Obviously, to choose $n$ elements $X = \{x_1, x_2, \dotsc, x_n\}$ of a finite set $S$ so as to maximize their combined probability $P(X) = P(x_1) + P(x_2) + \dotsb + P(x_n)$, we may simply sort the elements of $S$ in descending order of probability and take the $n$ first ones.
Similarly, to choose the smallest subset $X \subset S$ that has at least some given combined probability $P(X) \ge P_\min$, we may again sort the elements of $S$ in descending order of probability and take as many elements, starting from the first, as we need to reach the desired combined probability $P_\min$.

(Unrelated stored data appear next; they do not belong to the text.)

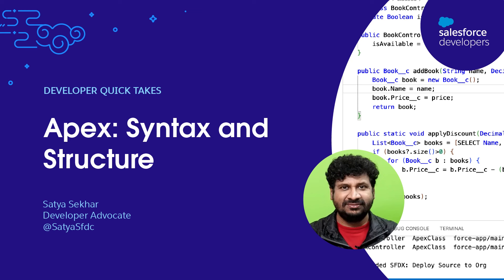Hello, everyone. I'm Sacha Sekhar, a developer advocate with Salesforce. Today, we'll walk through the Apex syntax and code structure.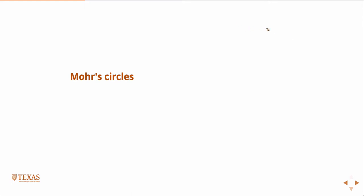Last time at the end of class, we gave this example of if you have a tensile bar and we pull it to failure.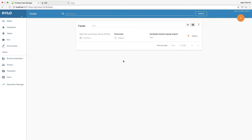Hello, welcome to the Kylo tutorial video series. I am Jagrut Sharma and this tutorial will show how to configure and run a Scoop based ingestion in Kylo. This is part 3 of configuring and running a Scoop based ingestion. In parts 1 and 2 we covered registering the starter template and doing a full table ingestion. Now we will look at ingesting a table incrementally on the basis of a last modified time column.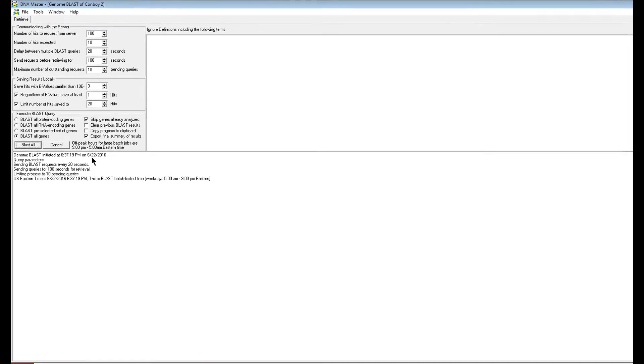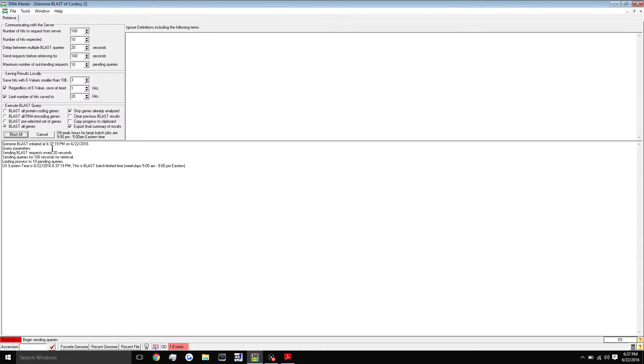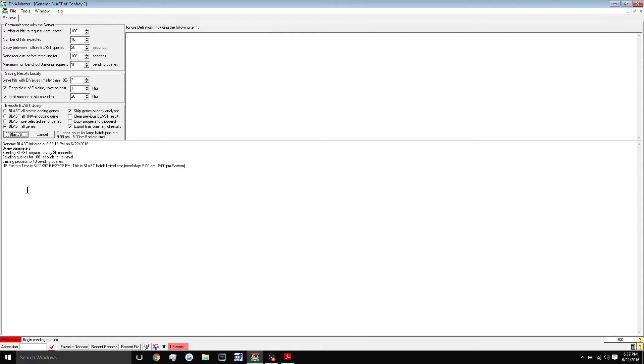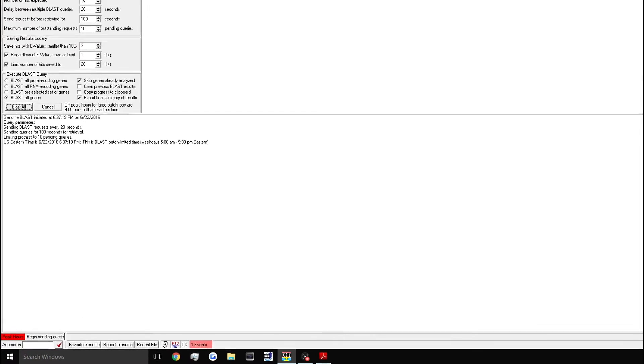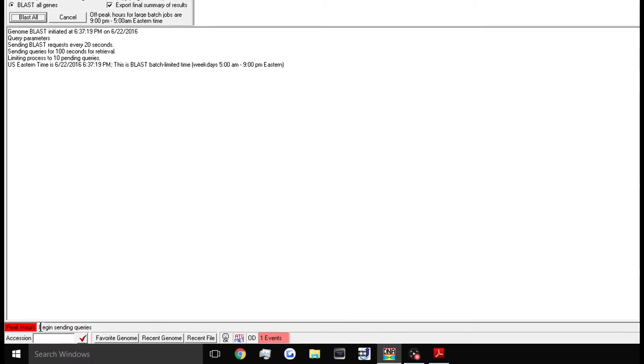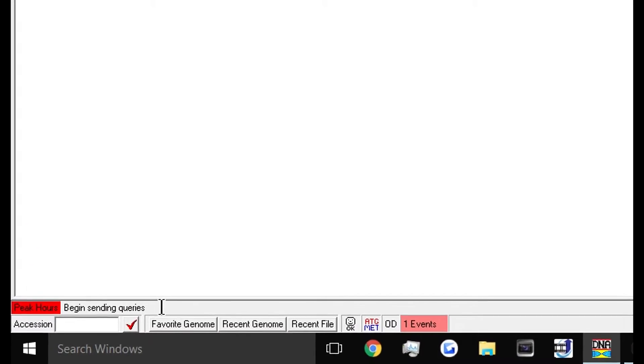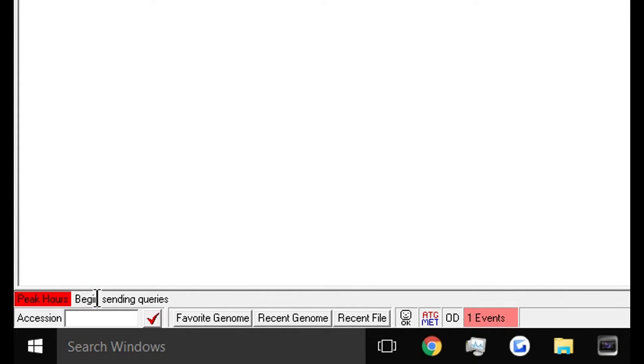You'll see it has a little bit of a log down here. It tells you when the thing was started and every so often it'll paste some more updates into this section where you can view the status of your blast. You can also look in the bottom left hand corner. Right now it's beginning to send all of the requests to the server. If you notice in the bottom right hand corner, this is the total progress in percentage.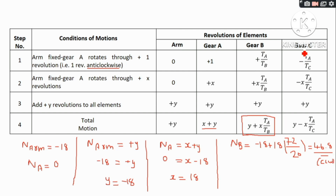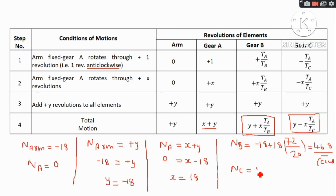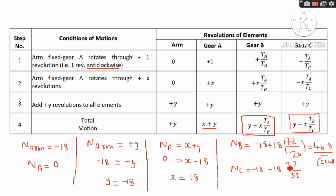Now to find gear C RPM, that is NC. NC equals y minus x into TA by TC. Substituting NB value: y is equal to minus 18, x is minus 18, TA is equal to 72, TC is equal to 32. Substituting these values gives the speed of gear C.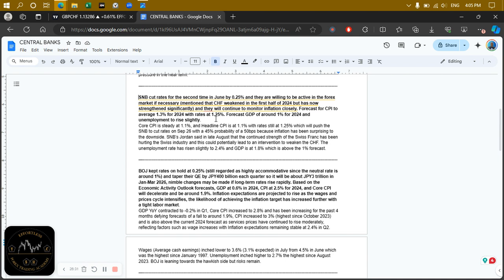It's not enough that the data is just positive or negative — how is the data relative to what the central bank said? That is the most important thing. Looking at how the data has developed so far, core CPI is steady at 1.1 percent and headline CPI is also at 1.1 percent, with rates still at 1.25 percent. Remember, they expected CPI to average 1.3 percent with rates at 1.25 percent.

If you desire some more complicate tradeoff between the number of chosen elements and their combined probability, you should first try to make clear what that tradeoff should be. In any case, for any preference function $f: \mathcal P(S) \to \mathbb R$ that satisfies $f(X) \ge f(X')$ whenever $|X| \le |X'|$ and $P(X) \ge P(X')$, the subset maximizing $f$ can always be found by sorting the elements of $S$ in descending order of probability and taking the first $k$ elements for some $k$; however, there may or may not be any way to determine the optimal value of $k$ except by trying all values from $0$ to $|S|$.
(To prove this, note that, for any $X \subset S$, the set $X' = \{x_1, x_2, \dotsc, x_n\}$, where $n = |X|$ and $x_1, x_2, \dotsc, x_{|S|}$ are the elements of $S$ sorted in descending order of probability, has $|X'| = |X|$ and $P(X') \ge P(X)$, and thus $f(X') \ge f(X)$.)